Firstly, it is important to note that the expansion or contraction of a material is directly related to its coefficient of linear expansion. A higher coefficient of linear expansion means that the material will expand more for a given change in temperature.

To solve this problem, we can use the formula for thermal stress:

\frac{F}{A}= Y(\frac{\Delta L}{L_{0}}-\alpha \Delta T)

Where F is the stress, A is the cross-sectional area, Y is the Young's modulus, \Delta L is the change in length, L_{0} is the original length, \alpha is the coefficient of linear expansion, and \Delta T is the change in temperature.

We know that the total length of the rods remains constant, so we can set up the following equation:

L_{total} = L_{steel} + L_{aluminum}

L_{0, total} + \Delta L_{total} = L_{0, steel} + \Delta L_{steel} + L_{0, aluminum} + \Delta L_{aluminum}

Since the initial stress in the rods is zero, we can also say that the total stress on the rods is equal to zero. So, we can set up another equation:

F_{total} = F_{steel} + F_{aluminum} = 0

Now, we can plug in the given values for the coefficients of linear expansion and Young's moduli for steel and aluminum into the first equation and solve for F_{steel} and F_{aluminum}.
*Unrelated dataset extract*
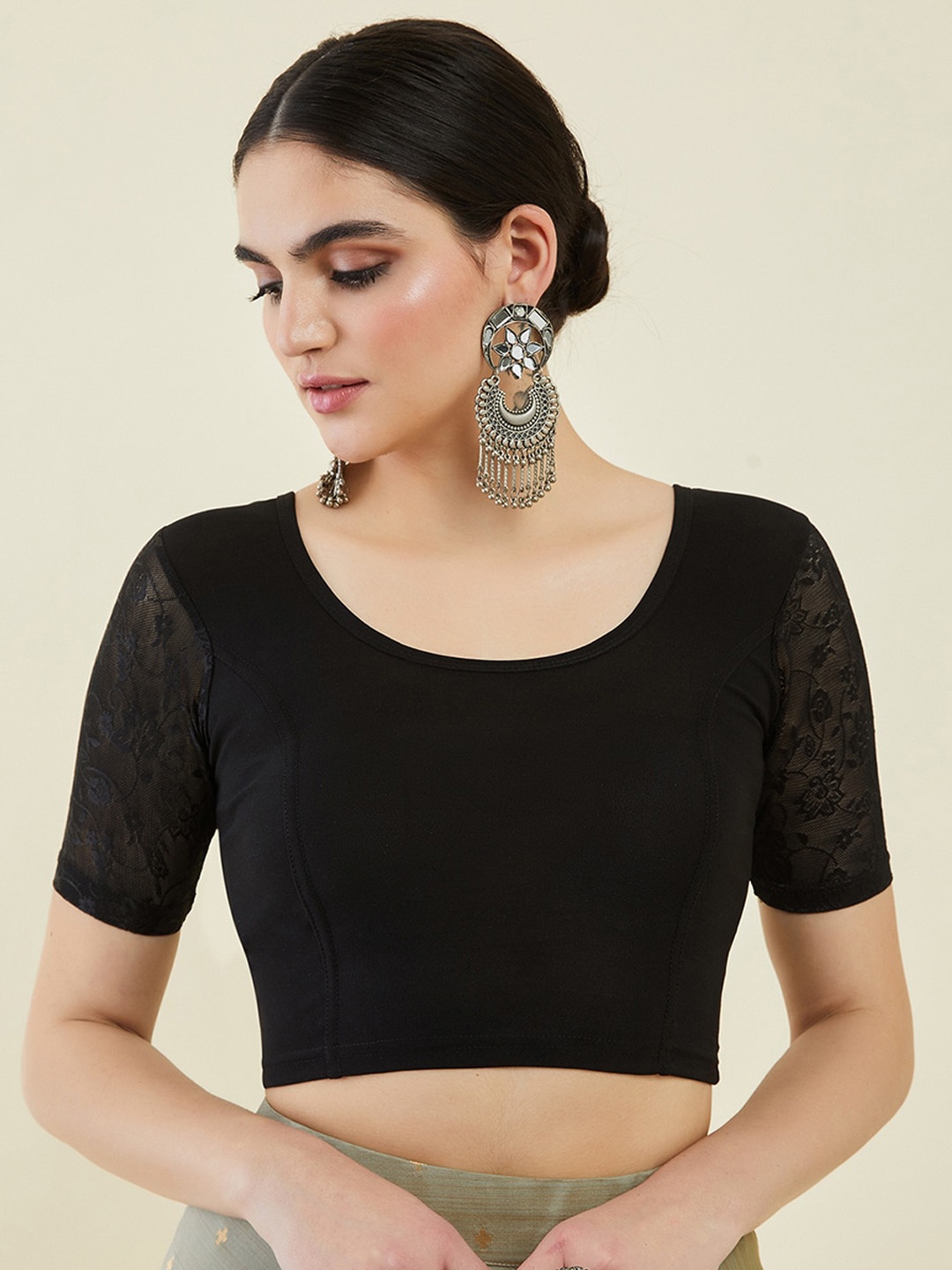 

Soch U Neck Princess Cut Saree Blouse, Black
\frac{F_{steel}}{A} = (20*10^{10})(\frac{\Delta L_{steel}}{0.350}-1.2*10^{-5}*60)

\frac{F_{aluminum}}{A} = (7*10^{10})(\frac{\Delta L_{aluminum}}{0.250}-2.4*10^{-5}*60)

We also know that the cross-sectional area is the same for both rods, as stated in the problem. So, we can set \frac{F_{steel}}{A} = \frac{F_{aluminum}}{A} and solve for \Delta L_{steel} and \Delta L_{aluminum}.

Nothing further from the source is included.